Volume 11 Supplement 2
Respiratory pulse oximetry plethysmographic waveform amplitude correlates with arterial pulse pressure variations
© BioMed Central Ltd. 2007
Published: 22 March 2007
Arterial pulse pressure (PP) respiratory variation is a good predictor of fluid responsiveness in ventilated patients. Recently, it has been shown that variation in PP may correlate with variation in pulse oximetry plethysmographic (POP) waveform amplitude, as they both depend on the stroke volume. We designed a prospective study to evaluate the correlation between respiratory arterial PP variation and POP waveform amplitude variations in ventilated patients and the influence of acute lung injury (ALI) in this relationship.
Sixty patients were included in the study. Thirty-nine (65%) had diagnosis of ALI and 21 (35%) had normal gas exchange, defined as a relation of PaO2 to FiO2 (P/F) below and above 300, respectively. Respiratory variation in arterial PP and POP waveform amplitude were recorded simultaneously on a beat-to-beat basis, and mean values of two measures for each parameter were compared for correlation and agreement.
Respiratory variation in POP waveform amplitude could accurately predict variation in arterial PP with a sensibility of 83.3%, specificity of 85.7%, positive predictive value (PPV) of 71.4 and negative predictive value (NPV) of 92.3. The area under the ROC curve was 0.88 (0.79–0.97) with a best cutoff value of 14% to predict a variation in arterial PP of 13%. The kappa index of agreement was 0.65 (P < 0.001).
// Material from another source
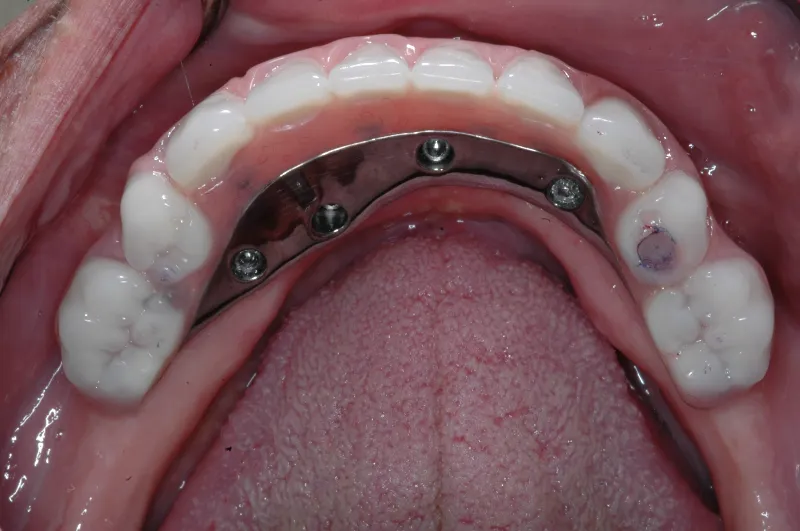 implant dentures 1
Eighteen (30%) patients had variations in arterial PP above 13%, and 21 (35%) showed variations in POP waveform amplitude above 14%. In patients without ALI (P/F > 300) the sensibility was 100%, specificity was 93.3%, NPV was 100% and PPV was 80%. In the group with ALI (P/F < 300) the kappa index measure of agreement was 0.55, and in the group without ALI the kappa index was 0.85. PEEP levels were not different between the groups.
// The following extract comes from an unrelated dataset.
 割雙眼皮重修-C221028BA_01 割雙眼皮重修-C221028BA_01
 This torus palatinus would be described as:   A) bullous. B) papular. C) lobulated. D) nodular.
Respiratory variation in arterial PP above 13% can be accurately predicted by a variation in POP waveform amplitude of 14% with good correlation and agreement. Our results confirm the findings of a recent trial and suggest that the correlation is even stronger when ALI is absent. These findings raise potential clinical applications of respiratory variation in POP waveform amplitude for haemodynamic management of patients without an arterial catheter.